* _THE PROBLEM_: Entries follow. Give back exactly the lines starting at the one containing "a kitchen with stainless" and ending at the one containing "Habitación de hotel", and no other lines.

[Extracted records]
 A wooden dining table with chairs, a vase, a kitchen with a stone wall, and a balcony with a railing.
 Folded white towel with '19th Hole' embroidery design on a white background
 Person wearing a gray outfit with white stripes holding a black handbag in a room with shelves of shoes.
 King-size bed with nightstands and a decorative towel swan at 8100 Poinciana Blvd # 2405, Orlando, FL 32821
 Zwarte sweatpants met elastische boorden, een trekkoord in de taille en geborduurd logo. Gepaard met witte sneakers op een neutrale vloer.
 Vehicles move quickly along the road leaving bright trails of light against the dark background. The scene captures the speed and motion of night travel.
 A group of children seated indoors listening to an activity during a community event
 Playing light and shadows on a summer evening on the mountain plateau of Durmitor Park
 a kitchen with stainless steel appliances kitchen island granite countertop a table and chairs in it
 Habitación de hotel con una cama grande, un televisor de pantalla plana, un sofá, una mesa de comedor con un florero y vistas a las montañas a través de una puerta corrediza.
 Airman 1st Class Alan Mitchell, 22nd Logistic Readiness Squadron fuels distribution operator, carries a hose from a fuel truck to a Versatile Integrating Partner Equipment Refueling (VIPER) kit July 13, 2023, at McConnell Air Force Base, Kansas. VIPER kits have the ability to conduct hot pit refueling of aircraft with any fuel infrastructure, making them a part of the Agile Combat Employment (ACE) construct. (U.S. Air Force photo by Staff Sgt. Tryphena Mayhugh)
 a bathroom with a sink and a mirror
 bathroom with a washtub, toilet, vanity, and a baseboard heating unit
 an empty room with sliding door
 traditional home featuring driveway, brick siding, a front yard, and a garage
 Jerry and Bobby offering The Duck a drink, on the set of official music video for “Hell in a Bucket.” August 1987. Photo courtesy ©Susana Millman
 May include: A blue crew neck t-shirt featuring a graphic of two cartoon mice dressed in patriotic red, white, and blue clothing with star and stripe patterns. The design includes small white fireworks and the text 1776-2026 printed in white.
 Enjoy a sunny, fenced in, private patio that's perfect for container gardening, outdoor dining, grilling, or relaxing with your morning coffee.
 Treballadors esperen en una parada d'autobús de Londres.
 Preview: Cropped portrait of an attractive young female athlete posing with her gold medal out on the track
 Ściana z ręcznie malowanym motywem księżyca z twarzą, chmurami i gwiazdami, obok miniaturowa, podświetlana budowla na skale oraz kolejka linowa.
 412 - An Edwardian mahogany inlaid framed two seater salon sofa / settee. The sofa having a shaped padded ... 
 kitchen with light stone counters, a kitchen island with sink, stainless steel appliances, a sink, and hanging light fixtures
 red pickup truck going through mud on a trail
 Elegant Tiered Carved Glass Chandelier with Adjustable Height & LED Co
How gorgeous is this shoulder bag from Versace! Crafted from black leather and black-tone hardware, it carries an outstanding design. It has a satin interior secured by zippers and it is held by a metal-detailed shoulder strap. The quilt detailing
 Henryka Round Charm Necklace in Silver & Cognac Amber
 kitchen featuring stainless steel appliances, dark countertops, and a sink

* _TASK SOLUTION_:
 a kitchen with stainless steel appliances kitchen island granite countertop a table and chairs in it
 Habitación de hotel con una cama grande, un televisor de pantalla plana, un sofá, una mesa de comedor con un florero y vistas a las montañas a través de una puerta corrediza.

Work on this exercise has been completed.